A dataframe I am working on contains an address line, from which I wish to extract the different variables (street name, number, postal code and country). The address line is filled according to the following template: "street number, postal code city, country".
Using .str.split(), I can get invividual elements from the string. Returning multiple elements however does not work.
So, extracting the country is easy enough. But when I try to get the street and number I run into some troubles. The street can contain one or more whitespaces, but after the last whitespace there is always the number. So I try to do this:
df["street_and_number"]=df["address"].str.split(",").str[0]
which creates a column with the street and the number. So far so good.
If I want to get the street, splitting on whitespaces and extracting everything but the last element seems (to me) a pretty straightforward option:
df["street"]=df["street_and_number"].str.split().str[:-1]

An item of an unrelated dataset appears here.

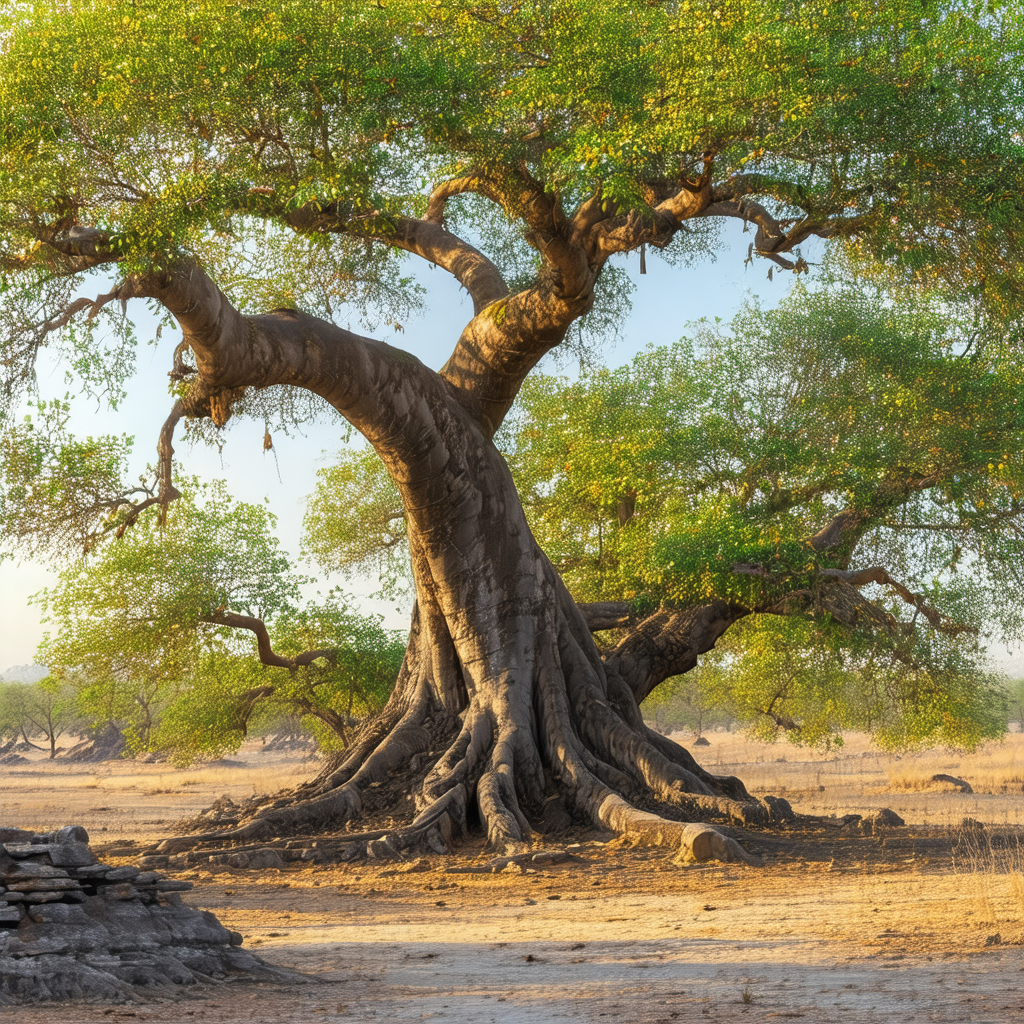 Large tree with a massive trunk, situated in a dry, dusty...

But this returns a list, see example below:
1541 [Burgemeester, Roelenweg]
Name: straat_en_nr, dtype: object
I would like to get a string, instead of a list with all the elements. Using the expand option doesn't produce the required result either:
df["street"]=df["street_and_number"].str.split(expand=True)[:-1]
Output:
0 1 2
What am I doing wrong?
Add Series.str.join
:
df["street"] = df["street_and_number"].str.split().str[:-1].str.join(' ')